L'esproprio ha un limite di tempo: vent'anni. Passato questo periodo si può ridiventarne proprietari di case e terreni, senza pagare una lira. Basta che il Comune sia restato inerte e non abbia realizzato l'opera pubblica prevista sul fondo. Lo ha affermato la Cassazione, con sentenza numero 5293 del 2000.

E' possibile, perciò, esercitare il cosiddetto "diritto di usucapione", cioè il diritto di divenire proprietari di un immobile, se per vent'anni ci si comporta "da padroni di casa". Per impedire l'usucapione il Comune deve ribellarsi prima della scadenza di questo termine, mettendo in piedi un'azione giudiziaria detta "di reintegrazione nel possesso"..

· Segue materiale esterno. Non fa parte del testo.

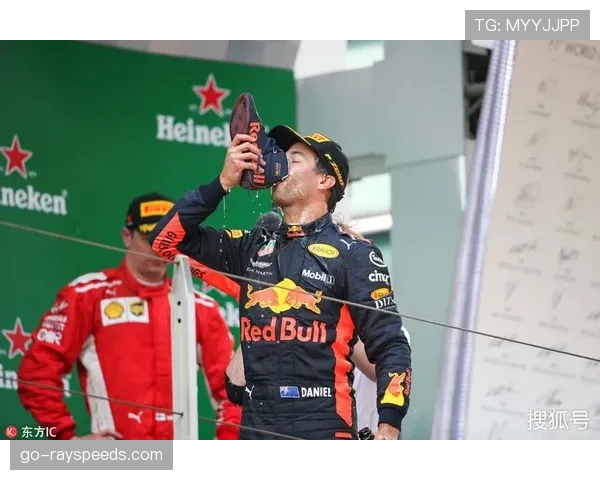 镜头聚焦：里卡多利用晚进站策略连续超越三车，升至积分区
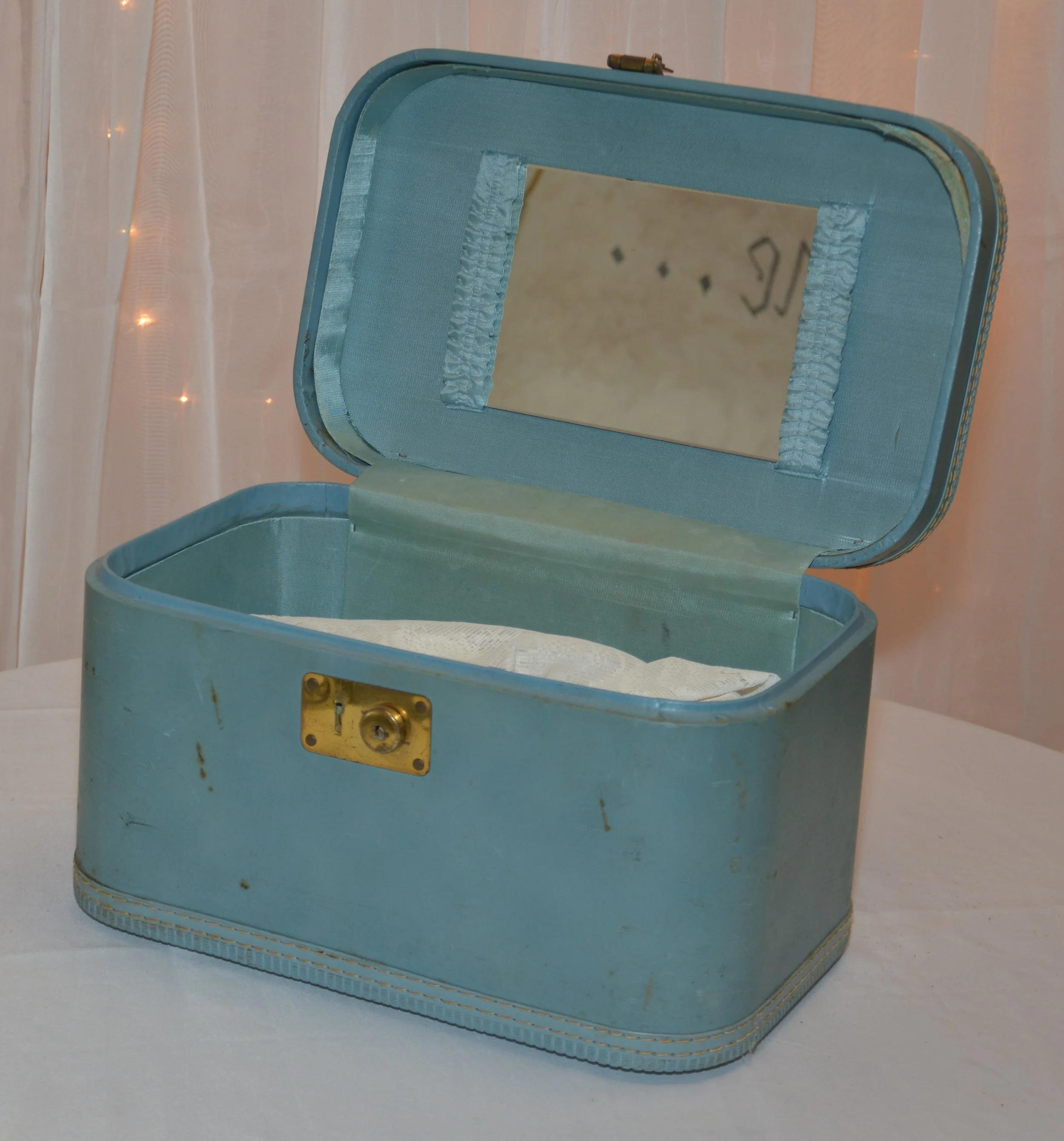 Blue Traincase.JPG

La decisione della Cassazione non riguarda un caso raro: capita abbastanza spesso che l'amministrazione pubblica, dopo aver espropriato un immobile, non si serva dell'area per gli scopi dichiarati. Tuttavia, dice la Cassazione, il proprietario (o i suoi eredi) possono usucapire l'immobile espropriato solo a condizioni ben precise. Per capire quali, vediamo di ricostruire quanto è stato deciso nel corso della causa in questione.

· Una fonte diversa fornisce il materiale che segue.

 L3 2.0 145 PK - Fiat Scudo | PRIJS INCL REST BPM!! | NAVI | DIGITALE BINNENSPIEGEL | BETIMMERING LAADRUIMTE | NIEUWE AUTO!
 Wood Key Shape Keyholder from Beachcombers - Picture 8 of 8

Il giudizio riguardava un immobile, espropriato dal Comune allo scopo di realizzare una strada di accesso ad alcuni impianti sportivi, nel quadro degli interventi previsti per le Olimpiadi del 1960. Nei primi anni dopo l'esproprio, gli ex proprietari avevano perfino chiesto al giudice di determinare l'indennità da incassare, a titolo di risarcimento. Nel frattempo avevano però continuato a comportarsi come se fossero ancora i padroni di casa, percependo un canone dall'affitto dell'immobile. Perciò, passati vent'anni, era maturato il diritto ad usucapirlo.

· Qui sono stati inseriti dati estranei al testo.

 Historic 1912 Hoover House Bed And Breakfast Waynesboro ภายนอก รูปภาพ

La decisione della Cassazione non era per nulla scontata: in genere, infatti, è considerato "usucapibile" un bene solo se è di proprietà privata, cioè appartiene al cosiddetto "patrimonio disponibile", che è liberamente vendibile. Evidentemente la Cassazione ha stabilito che, nel caso in questione, la proprietà pubblica non c'è mai stata, dal momento che non sono stati esercitati i relativi diritti.

Se, per esempio, il Comune avesse usato l'immobile espropriato, anche per fini diversi da quelli previsto nel decreto di esproprio, sarebbe stato impossibile usucapirlo. Al massimo l'ex proprietario avrebbe potuto richiedere la cosiddetta "retrocessione dell'area", prevista dalla legge 2359 del 1865, pagando però al Comune un'indennità pari al valore dell'immobile stesso. Quindi solo se la pubblica amministrazione è talmente inerte da lasciare che l'ex proprietario "possieda" il bene, è possibile che questi ne ritorni padrone, senza sborsare nulla.